If you’re in the market for an electric vehicle and you’ve kept your eye on the ball, you’ll have noticed the recently passed Inflation Reduction Act of 2022 includes changes to the credit available for the purchase of an electric vehicle. These changes are quite complex, phasing in over time, but there are some benefits to come with them (although only if your car complies with the requirements). 

These new rules are designed to stimulate industry growth within the United States and ultimately to encourage electric vehicle manufacturers to move their battery supply chains from China to North America. We’ve broken down these changes into different sections to make them as clear as possible. See below for how to best take advantage of them in advance of your electric vehicle purchase.

1. North American assembly requirement

One of the new rules is in effect right now. To qualify for the electric vehicle credit, the final assembly of your vehicle has to take place in North America. You can check whether the vehicle meets this requirement by entering its vehicle identification number (VIN) into the VIN decoder. There’s also a list of makes and models that generally meet the requirement (but we recommend double-checking for any particular vehicle by using the VIN decoder).

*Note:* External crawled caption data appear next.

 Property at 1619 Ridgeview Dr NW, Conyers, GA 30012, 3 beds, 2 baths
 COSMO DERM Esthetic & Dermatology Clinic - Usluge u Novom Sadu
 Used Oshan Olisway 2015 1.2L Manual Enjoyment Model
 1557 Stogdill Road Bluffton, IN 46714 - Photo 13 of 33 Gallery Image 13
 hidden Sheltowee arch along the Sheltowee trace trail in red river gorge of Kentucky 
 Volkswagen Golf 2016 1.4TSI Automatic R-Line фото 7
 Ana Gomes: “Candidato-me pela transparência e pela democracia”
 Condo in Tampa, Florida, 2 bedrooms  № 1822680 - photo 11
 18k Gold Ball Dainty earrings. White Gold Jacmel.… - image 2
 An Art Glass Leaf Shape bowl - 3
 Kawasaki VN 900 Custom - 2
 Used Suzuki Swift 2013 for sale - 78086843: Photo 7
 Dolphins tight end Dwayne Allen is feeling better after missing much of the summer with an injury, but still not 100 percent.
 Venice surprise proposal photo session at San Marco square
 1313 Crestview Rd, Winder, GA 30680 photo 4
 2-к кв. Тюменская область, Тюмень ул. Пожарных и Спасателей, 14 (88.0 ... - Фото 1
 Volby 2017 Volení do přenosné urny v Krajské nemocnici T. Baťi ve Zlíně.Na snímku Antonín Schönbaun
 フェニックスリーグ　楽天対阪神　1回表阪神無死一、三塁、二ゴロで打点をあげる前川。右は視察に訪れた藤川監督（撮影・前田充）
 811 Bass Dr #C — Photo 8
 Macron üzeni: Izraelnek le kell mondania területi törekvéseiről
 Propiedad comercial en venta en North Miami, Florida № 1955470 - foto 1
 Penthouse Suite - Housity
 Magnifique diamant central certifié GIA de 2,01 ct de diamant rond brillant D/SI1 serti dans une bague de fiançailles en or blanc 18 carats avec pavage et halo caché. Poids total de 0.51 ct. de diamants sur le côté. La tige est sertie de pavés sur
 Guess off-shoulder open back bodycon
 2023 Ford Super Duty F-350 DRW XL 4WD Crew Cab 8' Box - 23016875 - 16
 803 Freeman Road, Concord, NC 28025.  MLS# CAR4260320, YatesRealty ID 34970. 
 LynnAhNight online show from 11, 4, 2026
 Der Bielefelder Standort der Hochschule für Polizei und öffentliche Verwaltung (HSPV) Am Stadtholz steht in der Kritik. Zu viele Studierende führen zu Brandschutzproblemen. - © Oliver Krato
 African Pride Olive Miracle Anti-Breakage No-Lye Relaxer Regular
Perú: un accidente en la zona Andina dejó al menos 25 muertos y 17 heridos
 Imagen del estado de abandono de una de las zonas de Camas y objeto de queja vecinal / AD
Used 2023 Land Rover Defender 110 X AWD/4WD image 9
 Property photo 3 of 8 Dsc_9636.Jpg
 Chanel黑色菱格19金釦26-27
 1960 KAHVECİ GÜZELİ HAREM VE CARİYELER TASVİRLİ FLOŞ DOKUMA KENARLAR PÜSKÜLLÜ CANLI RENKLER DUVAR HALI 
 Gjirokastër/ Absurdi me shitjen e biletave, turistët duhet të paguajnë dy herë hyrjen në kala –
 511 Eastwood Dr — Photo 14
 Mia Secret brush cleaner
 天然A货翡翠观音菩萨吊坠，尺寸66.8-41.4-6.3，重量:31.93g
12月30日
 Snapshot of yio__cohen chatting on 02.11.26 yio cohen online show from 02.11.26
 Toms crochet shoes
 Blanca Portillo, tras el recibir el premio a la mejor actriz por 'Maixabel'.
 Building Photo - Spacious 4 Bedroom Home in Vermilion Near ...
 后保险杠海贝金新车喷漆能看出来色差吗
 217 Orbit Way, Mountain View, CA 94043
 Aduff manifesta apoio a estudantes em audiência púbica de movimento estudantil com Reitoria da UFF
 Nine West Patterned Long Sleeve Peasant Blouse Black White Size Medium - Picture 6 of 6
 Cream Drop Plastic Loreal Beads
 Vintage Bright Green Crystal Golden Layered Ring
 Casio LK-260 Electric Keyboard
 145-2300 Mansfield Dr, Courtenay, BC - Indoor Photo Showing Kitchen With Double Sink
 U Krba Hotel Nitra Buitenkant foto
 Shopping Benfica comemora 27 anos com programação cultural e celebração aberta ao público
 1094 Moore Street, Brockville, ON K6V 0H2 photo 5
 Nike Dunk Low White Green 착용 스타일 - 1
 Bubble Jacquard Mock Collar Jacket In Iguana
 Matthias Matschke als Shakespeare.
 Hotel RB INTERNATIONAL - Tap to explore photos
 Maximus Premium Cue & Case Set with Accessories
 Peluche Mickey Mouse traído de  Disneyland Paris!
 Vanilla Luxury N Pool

2. Manufacturer limitation

The good news is, effective January 1 2023, the manufacturer limitation will have been lifted. Under the original manufacturer limitation, once a manufacturer sold 200,000 electric vehicles, the taxpayer’s eligibility to take a tax credit for vehicles produced by them would phase out. This won’t be the case anymore from this January.

3. General Motors and Tesla

Taxpayers are currently prevented from taking the credit for electric vehicles manufactured by General Motors and Tesla. But, starting from the beginning of 2023, taxpayers will be able to take the credit for GM and Tesla vehicles again. It’s important to take note, however, of the manufacturer’s suggested retail price (MSRP) limits below.

4. Calculation of the credit (part one)

The way the credit is calculated is changing later this year. We don’t know when the rules are changing but it will be as soon as the IRS issues regulations that implement the new rules. Under the previous rules, the base amount of the electric vehicle credit was $2,500 per vehicle. The allowable credit will increase to a maximum of $7,500 per vehicle based on a formula which increases the credit by $417 for every kilowatt hour of battery capacity in excess of five.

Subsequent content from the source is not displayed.